As rare as they are, the moment a true sporting dynasty springs up, predictions of it's imminent demise are never far behind.
During the past three seasons, as they've become arguably the greatest team rugby league has ever known, Penrith are no exception.
In perhaps the most enduring proof of their excellence, they have proven every one of those calls to be wildly incorrect.
Since their first premiership win as a group in 2021 they have survived the loss of Stephen Crichton, Kurt Capewell, Matt Burton, Spencer Leniu and Api Koroisau — and all the while kept on winning and winning and winning through their special brand of rugby league brutalism.
They have survived everything and defied decades of measures specifically designed to stop a run like this from happening. There has been nothing they could not overcome and they very well could add a fourth-straight premiership later this year.
But in releasing James Fisher-Harris to the Warriors, the Panthers aren't just farewelling one of the best forwards in the club's history, they're losing a piece of their soul and one of the bedrocks that's made all this possible. This is a loss perhaps not even they can sustain.
It's not a matter of simply taking the money they would have used on Fisher-Harris and ponying up for another prop, although that will almost certainly happen.
Nor is it as simple as replacing his virtues on the field, which shapes as a difficult task on it's own.
Payne Haas runs for more metres, Addin Fonua-Blake is more blockbusting but Fisher-Harris is the most well-rounded props in the league – he's strong in yardage, passes and offloads with intelligence, and holds the middle of the field together defensively.
Plus, he does it all every time he takes the field with a consistency you'd expect more from a machine than a man.
Not many can do what he does every weekend, but his impact runs deeper than that.
Success has many fathers, but ask around at the Panthers and they'll all tell you the same thing.
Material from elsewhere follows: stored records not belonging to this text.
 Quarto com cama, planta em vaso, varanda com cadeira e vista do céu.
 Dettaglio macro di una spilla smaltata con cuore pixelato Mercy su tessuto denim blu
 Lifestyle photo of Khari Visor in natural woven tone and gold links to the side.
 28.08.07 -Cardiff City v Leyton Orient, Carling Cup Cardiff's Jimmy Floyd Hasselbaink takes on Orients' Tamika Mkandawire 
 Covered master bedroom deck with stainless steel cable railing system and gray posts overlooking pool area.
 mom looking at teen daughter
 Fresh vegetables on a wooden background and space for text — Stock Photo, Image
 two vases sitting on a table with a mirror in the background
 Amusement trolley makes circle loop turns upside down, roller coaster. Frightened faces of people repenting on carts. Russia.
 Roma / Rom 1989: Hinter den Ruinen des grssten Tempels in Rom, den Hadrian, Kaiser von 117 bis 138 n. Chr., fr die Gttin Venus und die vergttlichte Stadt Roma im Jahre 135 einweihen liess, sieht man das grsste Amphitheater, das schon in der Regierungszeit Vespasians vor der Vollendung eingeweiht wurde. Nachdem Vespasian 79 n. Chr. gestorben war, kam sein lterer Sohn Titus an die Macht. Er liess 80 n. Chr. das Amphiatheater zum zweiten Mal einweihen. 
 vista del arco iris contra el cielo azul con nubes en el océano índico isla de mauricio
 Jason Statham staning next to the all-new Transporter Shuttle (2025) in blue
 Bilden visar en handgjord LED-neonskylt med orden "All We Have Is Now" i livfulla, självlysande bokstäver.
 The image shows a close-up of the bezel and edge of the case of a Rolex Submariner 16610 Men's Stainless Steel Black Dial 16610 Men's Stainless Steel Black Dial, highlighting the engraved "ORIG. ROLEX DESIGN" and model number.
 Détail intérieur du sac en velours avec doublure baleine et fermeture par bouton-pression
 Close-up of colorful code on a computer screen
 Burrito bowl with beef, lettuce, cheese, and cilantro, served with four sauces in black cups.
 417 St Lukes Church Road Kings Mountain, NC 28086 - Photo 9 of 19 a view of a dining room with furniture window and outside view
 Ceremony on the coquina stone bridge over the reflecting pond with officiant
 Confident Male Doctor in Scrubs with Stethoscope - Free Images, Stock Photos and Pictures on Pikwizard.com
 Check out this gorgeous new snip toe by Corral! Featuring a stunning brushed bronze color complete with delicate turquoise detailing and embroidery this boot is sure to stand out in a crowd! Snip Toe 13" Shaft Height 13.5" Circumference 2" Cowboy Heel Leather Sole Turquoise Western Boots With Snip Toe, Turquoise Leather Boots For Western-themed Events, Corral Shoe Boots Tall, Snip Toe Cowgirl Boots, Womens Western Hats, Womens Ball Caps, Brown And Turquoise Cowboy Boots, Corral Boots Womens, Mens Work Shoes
That furious quality they play with, the willingness to always pay the price for success and the endless hunger to fight and dominate and win – a lot of the Panthers carry it in them, but so much of it flows from Fisher-Harris.
It comes from his attitude on the field and off it, the way he trains day-to-day, the toughness he exudes so effortlessly and demands of his teammates so simply and directly that emulating it is not a choice, but a calling.
At their best, Penrith play with the ravenous hunger of starving dogs and Fisher-Harris is the unquestioned leader of the pack.
Nathan Cleary and Isaah Yeo are probably the two best players of the Panthers dynasty. Cleary shared most of the biggest moments with Crichton. Koroisau was transformative, both in the skill he brought himself and the space he could provide for others. Jarome Luai is their energy and Dylan Edwards and Brian To'o are their consistency.
But their most enduring qualities, the things that took them from champions to legends, are best represented in Fisher-Harris.
The resolve, the strength, the consistency, the unbreakable will and the utter lack of mercy for opponents, the willingness to talk – even if Fisher-Harris isn't always one for talking, when he does it makes an impact, like when he declared Parramatta were Penrith's sons – because it's not bragging if you back it up.
And while Cleary and Yeo are the co-captains, so much of what Fisher-Harris does well has been transferred into the club's other players. He doesn't always need to be a captain because he has become a leader by nature, the kind of guy others follow just because it makes sense to do so.
You can see pieces of him in players like Moses Leota, his partner-in-crime who discovered a similar relentless energy, and in Scott Sorensen, who thrived so much in the environment Fisher-Harris helped create he went from NRL journeyman to one of the most decorated roughnecks in the game's history.
There is a clear pattern to Penrith's retention strategy in recent years. To avoid the salary cap molasses that has claimed so many budding dynasties of the past, they had to identify the things in their side they could no do without, the basic elements of their success, and make sure they kept them.
You can lose Crichton, Kikau, Koroisau, Burton and all the rest and so long as you have a defence that's close to unbreakable, enough athletes to dominate the yardage game, Nathan Cleary's kicking game and a belief you can beat down a mountain.
This year could be much better than alright. Penrith are premiership favourites – again – and the prospect of sending their departing players out as winners has been a propulsive force for them many times before.
But Fisher-Harris might be one of the very few departing heroes they cannot replace. There is no way to recreate him in the aggregate through players like Lindsay Smith, Liam Henry and whatever free agent props Penrith will throw their money at.
If there is someone with Fisher-Harris's qualities on and off the field lurking in their endless junior nursery, it won't come out overnight.
You might be born with it, but you still have to learn it. Fisher-Harris himself was in first grade for four years before he turned into what he's become. It's the kind of thing that cannot be found, only uncovered, and is almost impossible to buy, because it must be earned.
Penrith won't fall apart. They've had too much practice at being great for that to happen. Come next season they'll still be among the title favourites along with the Broncos, who are so unlike the Panthers in style but so like them in manner, and likely the Warriors themselves, who must feel like they're tantalisingly close to something special.
But, many years from now, when the history of Penrith's dynasty is written, this might well be the day that's pinpointed as the beginning of the end. There are some losses a team cannot survive, even if it doesn't kill them.